日本最大の摂食障害回復施設『なのはなファミリー』(岡山県勝田郡)。入所する女性が地獄の日々を語ってくれた。
栃木県出身の水野梨奈さん(仮名=21)は、中学2年の夏に始まった出来事を、今も忘れられない。
「バレーボール部の顧問から、部長に推薦された後、一部部員が“なんであんなやつが……”と陰口をたたいたり、ボールをぶつけてくるようになった」
いじめ。心配かけまいと親にも先生にも言わず、ひとり受け止め、平然を装った……。
「気づいたらごはんがのどを通らず、50キロあった体重が、4~5か月で18キロ前後まで減ったんです。鏡を見たときには、もう骨と皮だけ。生きる意味も見失っていて……」
医師の診断結果は摂食障害。チェックされるのは体重の推移や食事量ばかりで、前出の小野瀬さんが指摘する「心に負った痛みを理解してもらえないつらさ」がつきまとった。

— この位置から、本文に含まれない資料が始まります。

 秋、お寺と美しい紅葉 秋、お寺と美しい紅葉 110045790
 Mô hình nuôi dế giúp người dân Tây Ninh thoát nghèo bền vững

「体重が減ると、無理に食べるか鼻から栄養を入れて体重を増やして退院し、また減ってくると入院して……を4回ぐらい繰り返しました」
希望の光は、父親が購入した小野瀬さんの著書だった。
「すごく共感して、HPで施設のことを調べ見学に行きました。両親が“自分たちのもとに置いておいても死なせてしまうから”って、置き去りにされる形で入所しました」
いじめ以来、抱えていた疎外感を隠し当初は「表面的な笑顔を作っている自分がいました」という水野さん。みんなにかけてもらった言葉で、心が解けていくのがわかった。

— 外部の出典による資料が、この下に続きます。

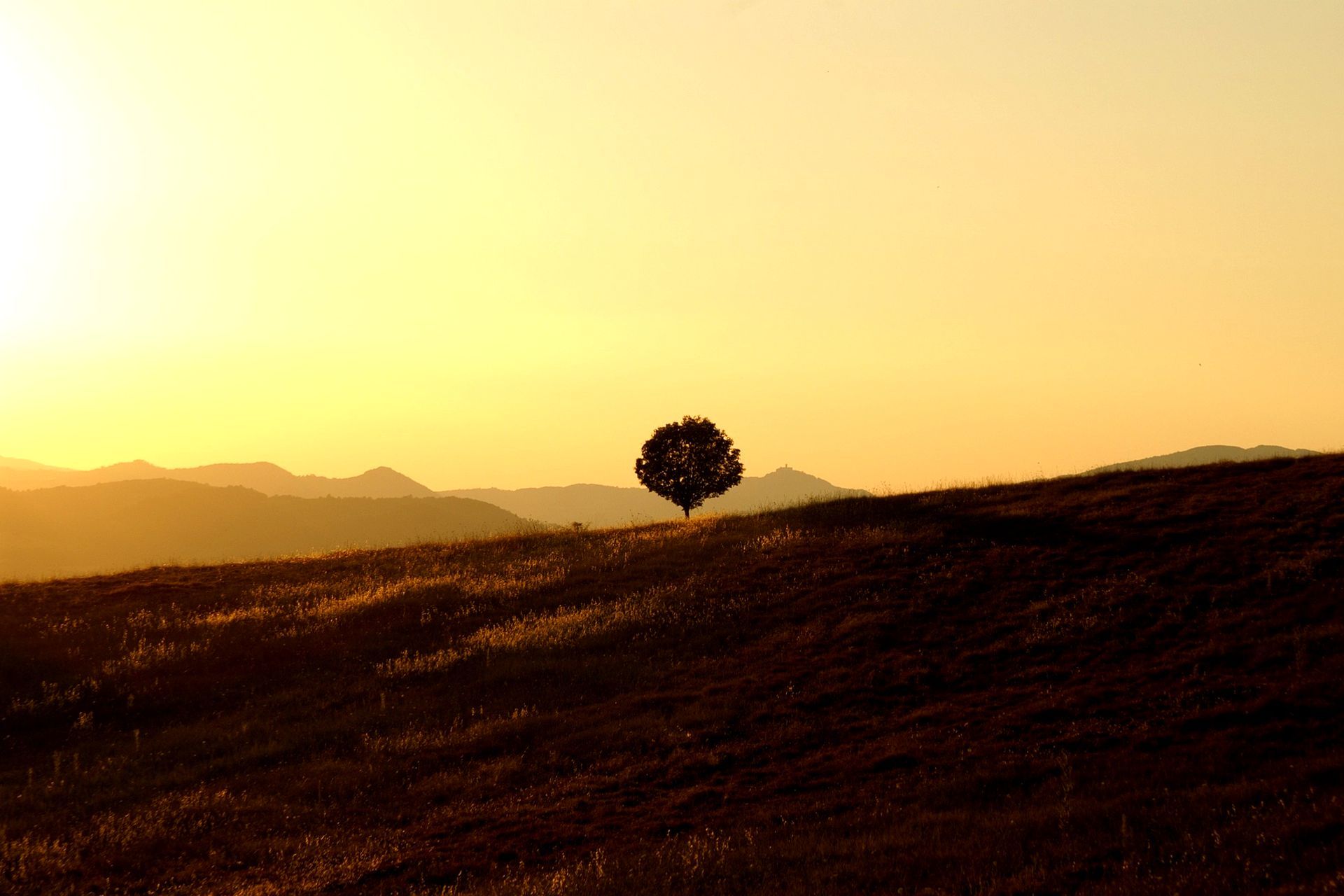 Hero Banner for GECA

「受け入れてもらえている、と感じたんです。医師やカウンセラーには頭ごなしに見下されている感じがした。“お父さん”や仲間たちは、同じ目線で考えてくれます。自分を強く見せたり、偽らなくていいんだと思えるようになりました。不安や怖さ、苦しみをありのままに伝えられたのは初めて。安心しました」
自分の役割があるため、食べ物のことばかり考えている時間がなくなった。頭と身体で汗を流し仕事に集中できる。

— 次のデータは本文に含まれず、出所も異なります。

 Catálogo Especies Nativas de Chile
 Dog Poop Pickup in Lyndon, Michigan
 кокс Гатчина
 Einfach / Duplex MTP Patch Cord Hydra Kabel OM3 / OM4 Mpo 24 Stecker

「体力も気力も中学の現役時代よりもある気がしています。入所1年目のころは身体が細くて、疲れていましたが、今はフルマラソンもできる。日々の活動の中ではチームで協力して達成感を得たり、誰かに“感動した”と言ってもらえたりすると、自分がよい方向に変わっていけると確信が持てるんです。“生きにくい世の中を変えていく”という目標もできました」
入所4年の水野さんは“誰かのために頑張りたい”とスタッフ見習いとして奮闘中だ。